From the first line of the listing below to the line with "Ray BEAMS（レイビームス）の「Ray BEAMS", print each line exactly, and nothing more. Leave out the pictures.

### Stored data
* * * *

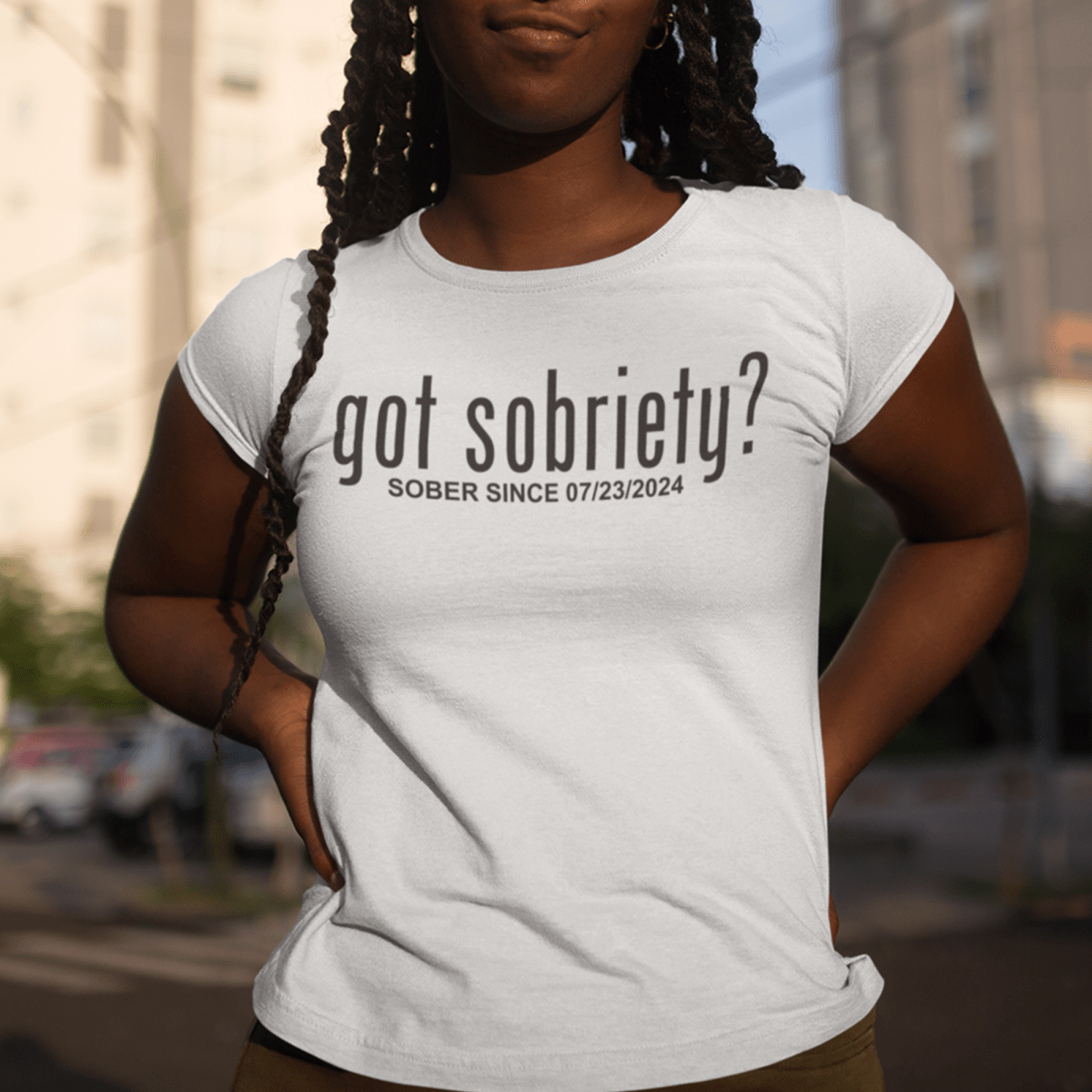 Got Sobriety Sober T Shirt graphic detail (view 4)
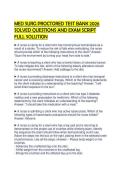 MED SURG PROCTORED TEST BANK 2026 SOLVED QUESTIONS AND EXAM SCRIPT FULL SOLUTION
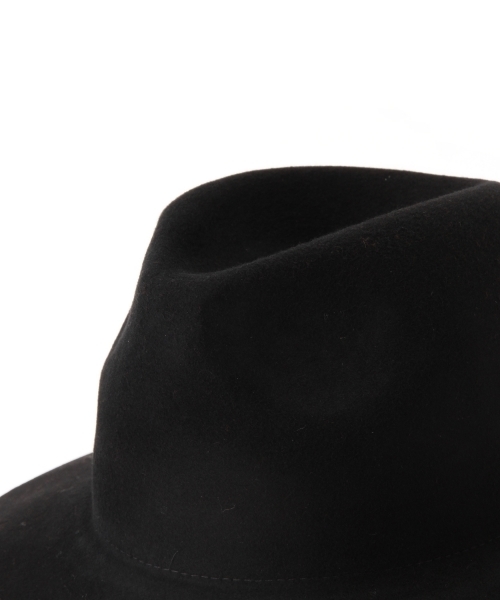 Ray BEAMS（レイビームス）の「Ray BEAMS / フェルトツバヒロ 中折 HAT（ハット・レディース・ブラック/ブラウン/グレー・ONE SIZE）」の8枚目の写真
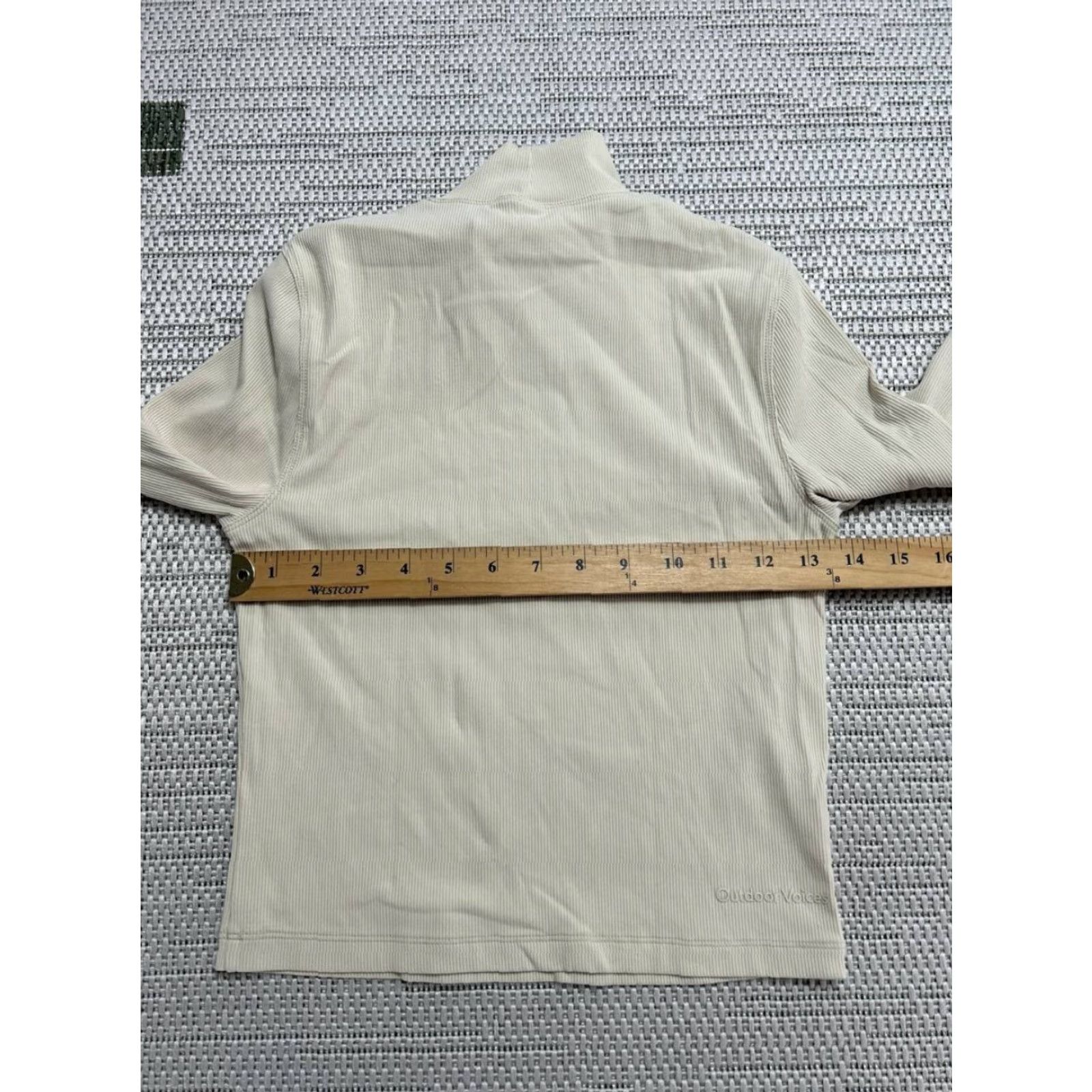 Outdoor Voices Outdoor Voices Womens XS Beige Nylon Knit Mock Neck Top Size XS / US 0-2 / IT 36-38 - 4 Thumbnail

* * * *

### Exercise result
 Got Sobriety Sober T Shirt graphic detail (view 4)
 MED SURG PROCTORED TEST BANK 2026 SOLVED QUESTIONS AND EXAM SCRIPT FULL SOLUTION
 Ray BEAMS（レイビームス）の「Ray BEAMS / フェルトツバヒロ 中折 HAT（ハット・レディース・ブラック/ブラウン/グレー・ONE SIZE）」の8枚目の写真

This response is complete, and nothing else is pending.